(Brief descriptive captions)
⟨
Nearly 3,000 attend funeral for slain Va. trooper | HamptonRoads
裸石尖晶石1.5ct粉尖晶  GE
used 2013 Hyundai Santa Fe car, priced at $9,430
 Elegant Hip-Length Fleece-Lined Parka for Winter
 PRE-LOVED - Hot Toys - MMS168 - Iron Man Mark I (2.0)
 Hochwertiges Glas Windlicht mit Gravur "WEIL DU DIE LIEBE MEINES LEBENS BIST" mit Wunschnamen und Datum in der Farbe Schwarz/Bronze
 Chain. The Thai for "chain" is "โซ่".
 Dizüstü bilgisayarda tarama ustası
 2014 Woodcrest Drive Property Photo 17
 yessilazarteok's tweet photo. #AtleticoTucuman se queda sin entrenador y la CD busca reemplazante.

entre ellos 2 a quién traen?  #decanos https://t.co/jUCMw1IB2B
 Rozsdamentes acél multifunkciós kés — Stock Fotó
⟩
» **ASSIGNED TASK**:
Set down all of the entries exactly, please.

» **REPLY TO THE EXERCISE**:
Nearly 3,000 attend funeral for slain Va. trooper | HamptonRoads
裸石尖晶石1.5ct粉尖晶  GE
used 2013 Hyundai Santa Fe car, priced at $9,430
 Elegant Hip-Length Fleece-Lined Parka for Winter
 PRE-LOVED - Hot Toys - MMS168 - Iron Man Mark I (2.0)
 Hochwertiges Glas Windlicht mit Gravur "WEIL DU DIE LIEBE MEINES LEBENS BIST" mit Wunschnamen und Datum in der Farbe Schwarz/Bronze
 Chain. The Thai for "chain" is "โซ่".
 Dizüstü bilgisayarda tarama ustası
 2014 Woodcrest Drive Property Photo 17
 yessilazarteok's tweet photo. #AtleticoTucuman se queda sin entrenador y la CD busca reemplazante.

entre ellos 2 a quién traen?  #decanos https://t.co/jUCMw1IB2B
 Rozsdamentes acél multifunkciós kés — Stock Fotó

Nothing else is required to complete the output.